Théâtre
Au T2G, un agité en slip accroché à une boule à facettes géante dans «Ich schau dir in die augen…» de René Pollesch

Au T2G, un agité en slip accroché à une boule à facettes géante dans «Ich schau dir in die augen…» de René Pollesch

17 September 2012 | PAR Christophe Candoni

C’est l’image qui restera de cette rentrée théâtrale, celle du génial Fabian Hinrichs en slip noir suspendu dans les airs à une énorme boule de projecteurs et jeté à corps perdu dans une drôle de performance signée René Pollesch (texte et mise en scène). Le spectacle s’intitule « Ich schau dir in die augen gesellschaftlicher verblendungszusammenhang ». Comprenez en français, « Je te regarde dans les yeux, contexte d’aveuglement social », et admirez l’art du titre long et obscur propre à l’artiste allemand… Créé en 2010 à la Volksbühne de Berlin, il se donne au Théâtre de Gennevilliers dans le cadre du Festival d’automne. A découvrir !

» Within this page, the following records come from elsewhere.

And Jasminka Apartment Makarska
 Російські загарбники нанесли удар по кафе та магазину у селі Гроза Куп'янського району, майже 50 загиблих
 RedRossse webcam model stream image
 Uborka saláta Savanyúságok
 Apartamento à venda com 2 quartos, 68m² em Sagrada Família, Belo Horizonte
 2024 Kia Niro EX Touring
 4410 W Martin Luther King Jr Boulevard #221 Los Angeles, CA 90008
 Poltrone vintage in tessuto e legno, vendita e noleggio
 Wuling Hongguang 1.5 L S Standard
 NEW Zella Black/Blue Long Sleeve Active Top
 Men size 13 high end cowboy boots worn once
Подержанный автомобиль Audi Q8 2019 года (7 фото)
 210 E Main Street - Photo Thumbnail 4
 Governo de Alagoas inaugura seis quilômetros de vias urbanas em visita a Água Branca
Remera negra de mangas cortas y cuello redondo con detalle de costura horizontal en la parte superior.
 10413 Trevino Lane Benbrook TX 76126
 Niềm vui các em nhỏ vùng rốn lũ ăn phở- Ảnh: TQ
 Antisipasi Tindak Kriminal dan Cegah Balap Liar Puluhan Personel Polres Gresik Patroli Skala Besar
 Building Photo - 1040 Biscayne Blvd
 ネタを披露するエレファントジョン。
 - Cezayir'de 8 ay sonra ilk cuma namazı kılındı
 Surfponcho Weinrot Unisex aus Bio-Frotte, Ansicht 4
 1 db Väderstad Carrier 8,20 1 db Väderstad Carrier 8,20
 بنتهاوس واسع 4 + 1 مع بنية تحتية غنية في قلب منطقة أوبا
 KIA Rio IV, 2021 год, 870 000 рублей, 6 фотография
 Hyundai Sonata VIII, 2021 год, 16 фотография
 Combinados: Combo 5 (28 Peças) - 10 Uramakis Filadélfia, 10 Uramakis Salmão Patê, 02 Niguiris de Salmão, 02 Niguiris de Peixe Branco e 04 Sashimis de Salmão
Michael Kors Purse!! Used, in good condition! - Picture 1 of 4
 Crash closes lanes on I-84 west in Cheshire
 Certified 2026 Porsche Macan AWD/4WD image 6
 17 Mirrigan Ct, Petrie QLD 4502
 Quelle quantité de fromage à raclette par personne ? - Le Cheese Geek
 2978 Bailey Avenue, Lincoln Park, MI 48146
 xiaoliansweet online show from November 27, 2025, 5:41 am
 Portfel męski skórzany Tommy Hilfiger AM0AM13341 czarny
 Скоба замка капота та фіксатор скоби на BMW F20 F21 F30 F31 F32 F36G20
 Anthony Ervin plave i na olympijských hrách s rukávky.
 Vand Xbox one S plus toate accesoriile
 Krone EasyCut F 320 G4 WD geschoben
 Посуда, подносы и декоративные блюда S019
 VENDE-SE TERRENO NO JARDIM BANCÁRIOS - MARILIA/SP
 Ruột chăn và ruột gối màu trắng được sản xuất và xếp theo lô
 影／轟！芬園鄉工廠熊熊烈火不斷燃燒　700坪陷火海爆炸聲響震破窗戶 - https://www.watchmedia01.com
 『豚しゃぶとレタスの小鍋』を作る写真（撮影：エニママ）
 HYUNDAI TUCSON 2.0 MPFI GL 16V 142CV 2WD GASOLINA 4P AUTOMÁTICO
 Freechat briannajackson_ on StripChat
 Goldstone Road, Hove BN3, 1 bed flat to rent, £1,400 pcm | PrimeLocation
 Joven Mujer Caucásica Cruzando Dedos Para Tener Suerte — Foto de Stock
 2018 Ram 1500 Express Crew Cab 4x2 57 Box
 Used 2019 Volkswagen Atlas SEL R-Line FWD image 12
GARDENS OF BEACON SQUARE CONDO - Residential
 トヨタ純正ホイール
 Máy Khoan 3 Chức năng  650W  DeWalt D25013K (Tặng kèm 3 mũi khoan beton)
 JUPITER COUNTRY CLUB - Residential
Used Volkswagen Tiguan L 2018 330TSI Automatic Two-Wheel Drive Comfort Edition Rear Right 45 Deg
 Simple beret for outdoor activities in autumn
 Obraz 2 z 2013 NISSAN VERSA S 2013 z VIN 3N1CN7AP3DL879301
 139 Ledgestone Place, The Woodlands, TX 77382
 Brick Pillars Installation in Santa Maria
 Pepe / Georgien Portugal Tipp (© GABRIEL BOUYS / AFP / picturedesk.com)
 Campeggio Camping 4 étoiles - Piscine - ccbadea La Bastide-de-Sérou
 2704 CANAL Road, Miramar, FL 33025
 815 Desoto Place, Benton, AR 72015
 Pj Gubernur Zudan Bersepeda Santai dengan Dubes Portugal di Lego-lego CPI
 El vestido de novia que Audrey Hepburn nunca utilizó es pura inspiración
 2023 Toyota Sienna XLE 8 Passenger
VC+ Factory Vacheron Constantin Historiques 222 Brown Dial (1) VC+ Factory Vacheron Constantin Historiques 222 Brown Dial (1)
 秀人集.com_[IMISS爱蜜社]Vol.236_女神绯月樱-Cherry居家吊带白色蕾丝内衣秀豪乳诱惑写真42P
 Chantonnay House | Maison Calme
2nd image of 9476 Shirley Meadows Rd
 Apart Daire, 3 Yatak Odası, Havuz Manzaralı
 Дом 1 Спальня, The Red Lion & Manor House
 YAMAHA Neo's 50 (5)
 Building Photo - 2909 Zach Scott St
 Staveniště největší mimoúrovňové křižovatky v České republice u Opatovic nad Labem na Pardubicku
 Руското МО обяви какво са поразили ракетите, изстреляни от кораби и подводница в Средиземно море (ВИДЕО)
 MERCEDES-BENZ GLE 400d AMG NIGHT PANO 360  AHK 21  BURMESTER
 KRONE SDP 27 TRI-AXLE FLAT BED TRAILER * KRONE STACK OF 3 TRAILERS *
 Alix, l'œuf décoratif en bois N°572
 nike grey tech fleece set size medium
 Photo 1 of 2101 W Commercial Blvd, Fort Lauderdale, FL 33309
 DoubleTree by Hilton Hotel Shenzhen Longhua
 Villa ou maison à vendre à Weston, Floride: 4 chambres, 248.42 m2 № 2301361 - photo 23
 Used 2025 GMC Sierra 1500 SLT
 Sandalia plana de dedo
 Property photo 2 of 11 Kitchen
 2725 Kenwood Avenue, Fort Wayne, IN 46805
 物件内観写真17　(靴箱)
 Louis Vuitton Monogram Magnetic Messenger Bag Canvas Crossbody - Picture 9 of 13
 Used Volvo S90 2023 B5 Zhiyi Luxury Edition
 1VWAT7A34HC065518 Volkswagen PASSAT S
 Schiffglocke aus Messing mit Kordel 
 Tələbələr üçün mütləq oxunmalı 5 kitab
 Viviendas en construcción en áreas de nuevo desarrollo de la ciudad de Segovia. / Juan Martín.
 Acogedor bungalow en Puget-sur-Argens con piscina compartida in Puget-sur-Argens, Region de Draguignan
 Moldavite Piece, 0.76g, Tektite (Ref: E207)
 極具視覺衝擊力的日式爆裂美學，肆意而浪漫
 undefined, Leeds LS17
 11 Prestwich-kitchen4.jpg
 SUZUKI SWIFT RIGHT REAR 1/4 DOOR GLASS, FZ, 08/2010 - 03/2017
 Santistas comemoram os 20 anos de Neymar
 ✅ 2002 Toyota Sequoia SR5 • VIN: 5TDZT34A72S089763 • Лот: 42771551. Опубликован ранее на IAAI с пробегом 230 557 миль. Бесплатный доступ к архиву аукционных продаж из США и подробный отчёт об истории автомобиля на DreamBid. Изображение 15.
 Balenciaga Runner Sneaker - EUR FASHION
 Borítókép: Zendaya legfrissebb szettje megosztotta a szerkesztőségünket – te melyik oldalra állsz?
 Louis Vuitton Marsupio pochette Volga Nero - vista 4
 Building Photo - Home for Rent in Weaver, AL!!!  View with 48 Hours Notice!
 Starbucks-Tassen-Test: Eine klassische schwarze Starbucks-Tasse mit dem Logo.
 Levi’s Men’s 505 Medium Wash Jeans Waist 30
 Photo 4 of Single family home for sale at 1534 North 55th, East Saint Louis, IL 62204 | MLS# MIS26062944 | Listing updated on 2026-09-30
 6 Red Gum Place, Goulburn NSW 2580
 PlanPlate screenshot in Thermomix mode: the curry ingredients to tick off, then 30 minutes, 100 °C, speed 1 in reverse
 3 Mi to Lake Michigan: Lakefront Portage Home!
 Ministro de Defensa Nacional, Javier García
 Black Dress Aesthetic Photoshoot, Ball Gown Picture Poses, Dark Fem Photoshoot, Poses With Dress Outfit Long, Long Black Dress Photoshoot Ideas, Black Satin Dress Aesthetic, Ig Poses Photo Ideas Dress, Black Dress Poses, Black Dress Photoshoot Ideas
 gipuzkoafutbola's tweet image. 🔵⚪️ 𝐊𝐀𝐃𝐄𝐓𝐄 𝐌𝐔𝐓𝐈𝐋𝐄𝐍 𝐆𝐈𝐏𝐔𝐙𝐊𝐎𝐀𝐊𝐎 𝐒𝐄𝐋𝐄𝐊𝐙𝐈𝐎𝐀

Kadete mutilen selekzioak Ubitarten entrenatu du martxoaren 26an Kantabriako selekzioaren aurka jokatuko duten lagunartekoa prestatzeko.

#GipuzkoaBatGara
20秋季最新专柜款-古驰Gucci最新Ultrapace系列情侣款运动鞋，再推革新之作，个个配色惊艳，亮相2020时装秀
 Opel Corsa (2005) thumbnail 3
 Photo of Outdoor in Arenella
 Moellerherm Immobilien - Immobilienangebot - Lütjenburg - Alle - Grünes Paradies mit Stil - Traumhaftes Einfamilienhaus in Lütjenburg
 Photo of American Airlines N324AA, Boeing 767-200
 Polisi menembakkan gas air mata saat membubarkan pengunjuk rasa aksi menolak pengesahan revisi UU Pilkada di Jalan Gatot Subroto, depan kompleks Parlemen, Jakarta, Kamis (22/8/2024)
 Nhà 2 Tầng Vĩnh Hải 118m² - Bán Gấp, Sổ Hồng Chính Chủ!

Fabian Hinrichs, jeune homme de 36 ans, arrive par la salle, ne passe inaperçu que quelques brèves secondes ; il ne lui en faudra pas beaucoup plus pour investir la scène, se dessaper, jeter ses pompes et ses fringues dans le public. L’entrée en matière surprend, ravit. Totalement libre de ses faits et gestes, il n’hésite pas à « malmener » sans agressivité les spectateurs, qu’il fait participer, chanter, applaudir. Certains recevront des colliers de fleurs hawaïens ou des petits carnets jaunes jetés à l’aveuglette. Une dame a même manqué de peu de se faire brosser les dents. « Ne me laissez pas seul ! » lance-t-il. Toutes les tentatives ne prennent pas mais c’est assez amusant.

Il semblerait que sous ses allures de show divertissant, le spectacle est une visée plus sérieuse, critique, contestataire, “révolutionnaire”. Le texte de René Pollesch envoie valser les conventions d’un théâtre producteur d’un sens illusoire et partageable par tous, rejette le “théâtre interactif”, une forme d’art qu’il qualifie d’« écœurante », de « répugnante » et se fait le prédicateur d’un théâtre opposé, antithéâtral. C’est volontairement complexe, contradictoire, sûrement par goût du paradoxe et de la provocation, pas très éclairant et même parfois imbitable. Mais la performance est tout autant plaisante à simplement regarder l’acteur faire des siennes plutôt que de se visser les yeux sur des surtitres obscurs. Son énergie, son ardeur suffisent à nous contenter davantage que son discours théorique rasoir.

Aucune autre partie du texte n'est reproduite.